No Spend Challenge on a wedding weekend? Truth or dare?!
Truth: We dared. It was my sister-in-law Callie’s wedding weekend in North Carolina, and we couldn’t and wouldn’t have missed it for the world — No Spend Challenge or not.
Weddings, especially those that take place out of state, have the potential to be a high expense experience not only for those hosting, but also for guests. For Matt and me — groomsman and bridesmaid — the opportunities and temptations to spend were heightened even more.
After all, there were bridal brunches, groomsmen gatherings, last-minute toasts and rehearsal dinners to attend. In my old life, B.N.S (that’s “Before No Spend”) I would’ve NEEDED to go shopping for all new outfits to wear during the trip — at least one per outing and maybe a couple of backups just in case I wound up not feeling like wearing the ones I bought.

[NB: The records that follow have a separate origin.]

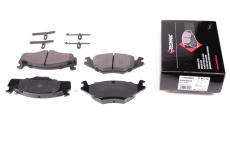 Sada brzdových destiček, kotoučová brzda PROTECHNIC PRP0019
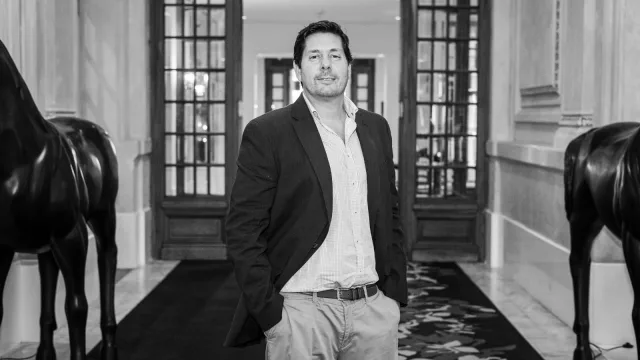 Federico Formento, socio en Adders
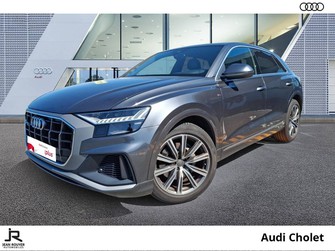 Photo Audi Q8 Q8 45 TDI 231 Tiptronic 8 Quattro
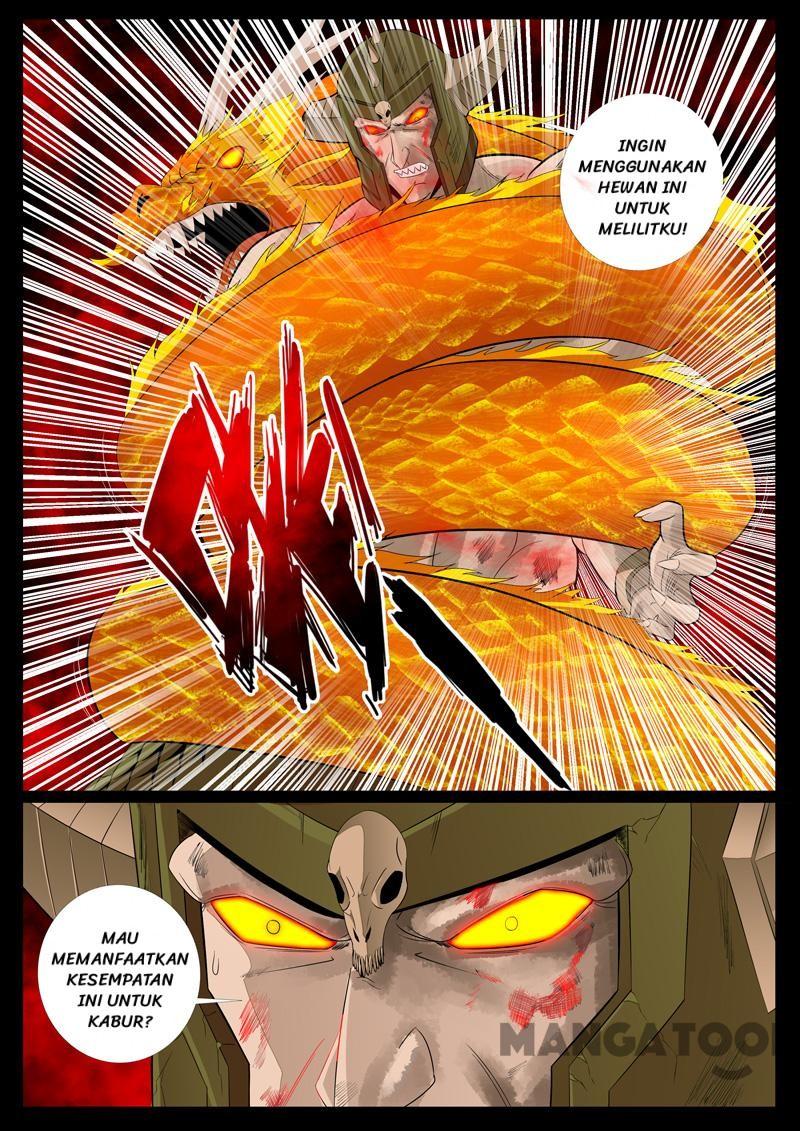 Manhua Dragon King of the World Chapter 85 gambar nomor 2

The same applies to the heels.
Sounds a bit over-the-top? Maybe, but I’ve been described as being “extra” too many times to count. I’m choosing to believe it’s an abbreviation for ”extraordinary,” though it could be short for “extravagant.” Anyway, on this occasion the only extra was the money in my account; I drove past all my favorite stores and “shopped” my closet, rediscovering dresses and jumpsuits I could rewear and accessorize to create fresh new looks. Once I got to my mother-in-law’s house in Charlotte, I shopped her closet, too. No shame in my game.

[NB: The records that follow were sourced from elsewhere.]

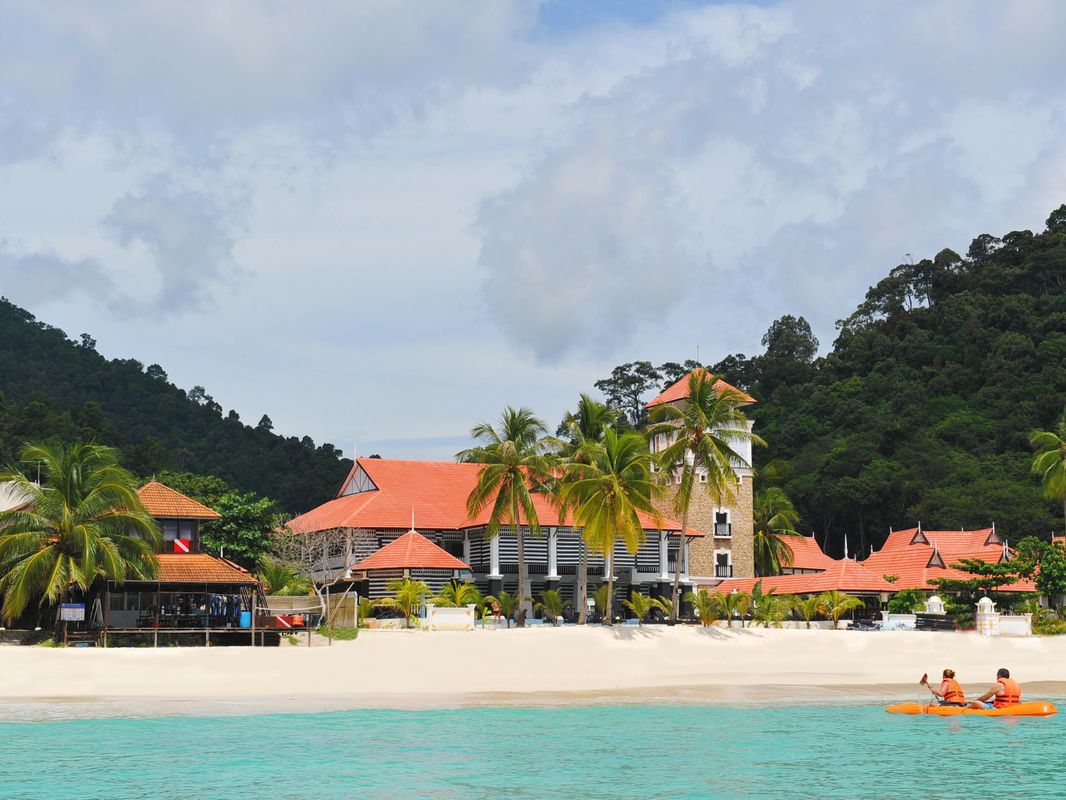 Sari Pacifica Resort & Spa, Redang фото 25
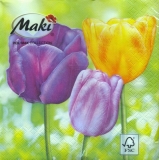 Wunderschöne Tulpen - Beautiful tulips - Tulipes merveilleuses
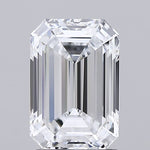 IGI 1.77 Carat Emerald Lab Grown Diamond 人工培育鑽石 實驗室人造鑽石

Most wedding-related events were, thankfully, covered by the families of the bride and groom, so there were many delicious and free — though not fat-free — lunches and dinners. My dress and Matt’s suit had been custom-made and paid for months ago. The kids' outfits for the day, paid for by Yaya Phillis, had also been hanging in the closet for a while. And the gift was paid for long in advance, as well.
But, of course, as these things go, there were still several things that we weren’t able to cover ahead of time. This meant I couldn’t have my nails or my eyebrows done. I couldn’t take the kids to get haircuts, and Matt couldn’t buy a new beard oil scent to wear at the wedding for the first time as he likes doing on special occasions (though he was adamant about getting a fresh cut and beard trim before the wedding, which ran us $25 plus a $5 tip). And I, because I was in the bridal party, had to pay for professional hair and makeup for the day, which totaled $105.
But the most important part of it all isn’t what we spent on and what we didn’t spend on. The most important part is that we enjoyed such a wonderful love-filled time together with family.
Matt looked handsome. I felt beautiful. The kids were happy. Matt’s sister Callie, the bride, was glowing and beaming just to have us there to share her special day alongside her and her groom, Aerris.
That’s one thing about this exercise in personal finance betterment, this No Spend Challenge, that I find invaluable: Learning what you don’t deem worthy of spending your hard-earned cash on. That, along with learning when, where and for whom you shouldn’t hesitate to bring out your wallet. This weekend was without a doubt a magical one. There just aren’t enough dollar signs that can represent the value of spending quality time with our loved ones.